On the threshold of cell therapy for Parkinson’s disease

Dopamine neurons derived from a Parkinson's disease patient's iPSCs (Tyrosine hydroxylase)
Dopamine neurons derived from a Parkinson's disease patient's iPSCs (Tyrosine hydroxylase). Image source: Loring lab.

By Jeanne Loring

Dopamine neurons derived from a Parkinson's disease patient's iPSCs (Tyrosine hydroxylase)
Dopamine neurons derived from a Parkinson’s disease patient’s iPSCs (Tyrosine hydroxylase). Image source: Loring lab.
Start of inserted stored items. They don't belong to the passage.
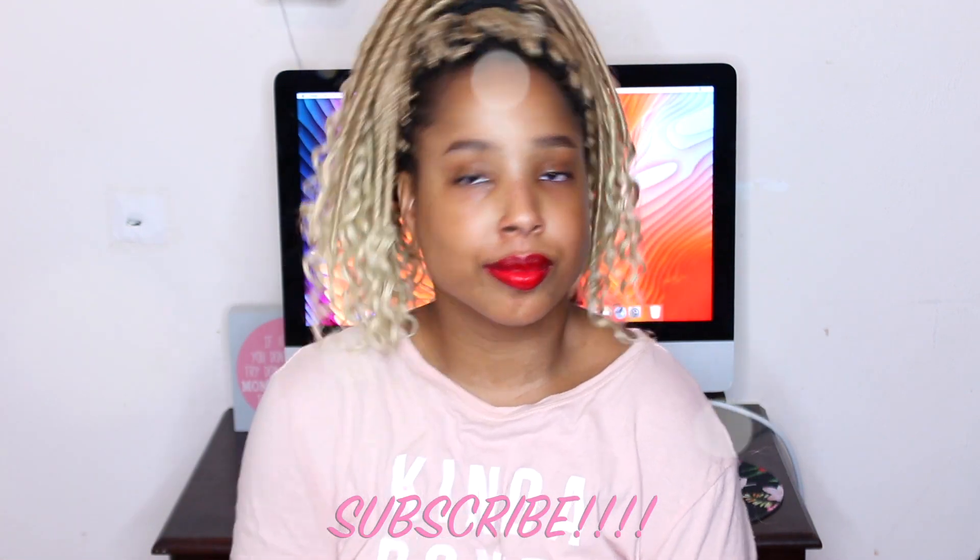I'm gonna be wearing this on my vacation. You can also wear it as a middle part, and my favorite of all the hairstyles would definitely have to be this up pony — very very cute. Make sure you guys subscribe and like this video, and let's get started.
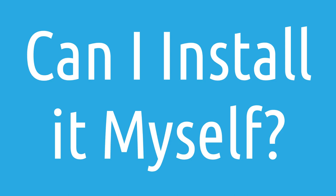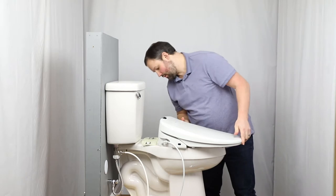Can I install the Swash 1400 by Brondell on my own or do I need to get a professional? You can install one of these on your own nine times out of ten.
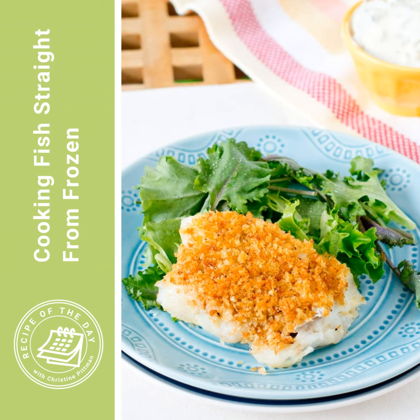But if you find yourself with some nice frozen fish fillets, this is the way to go. I'm going to tell you the basics first, and then I'm going to tell you how I do a breaded version, which is a really nice treat also.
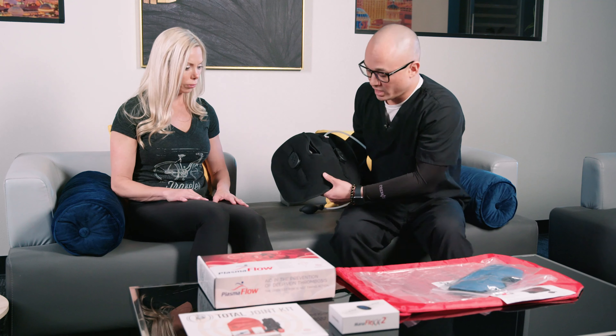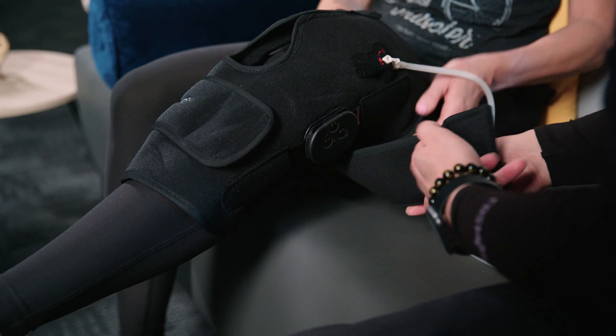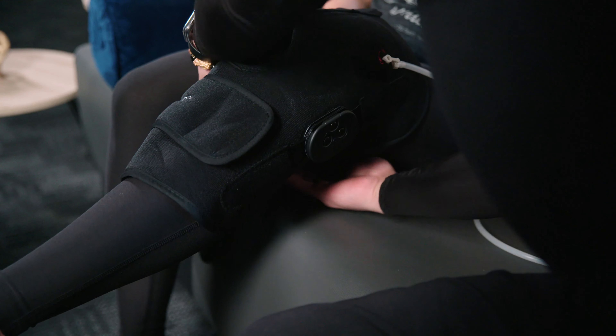To put it on, you have your leg bent or you can have it extended. Bottom strap for your calf — you want that nice and snug. Top strap goes behind your thigh and back to the front.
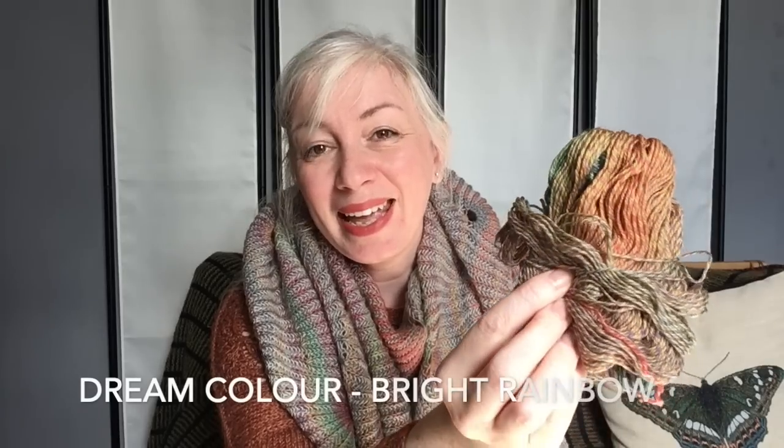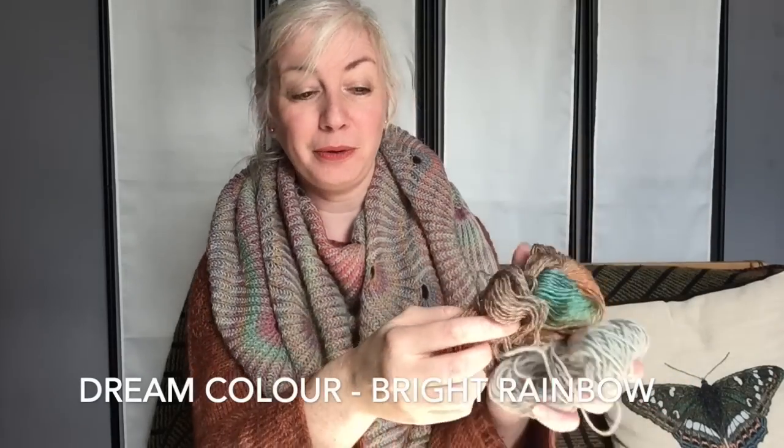I decided to pair this with their Dream Colour, which is also 100% wool, non-superwash, and a gradient yarn. This colourway is called Bright Rainbow, going through lots of different shades including a little bit of purple. They were both really lovely to knit with. The Dream Colour is £15 per ball, comes in 100 gram balls with 400 meters per 100 grams. This shawl took three balls of the Evergreen Organic and two balls of the Dream Colour.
There are ten million people in the world who have Parkinson’s disease. 125,000 of these are living in California.  People with the disease often have to step away from their jobs because the main symptoms – tremor or freezing up of muscles – make it difficult to get through a whole day of work.

Parkinson’s disease is caused by the loss of a specific neuron type in the brain.  The dopamine neurons in the region of the brain called the substantia nigra die over time, and by the time the disease is diagnosed, at least half are gone.  There is no drug therapy that can bring them back.

Because a single cell type in a specific area of the body is lost, it has long been argued that Parkinson’s disease is the ideal target for a cell replacement therapy using dopamine neurons derived from embryonic or induced pluripotent stem cells.

That is exactly the strategy quickly moving forward right now by four research groups worldwide, who have joined forces to share their information in an initiative called “GForce-PD”.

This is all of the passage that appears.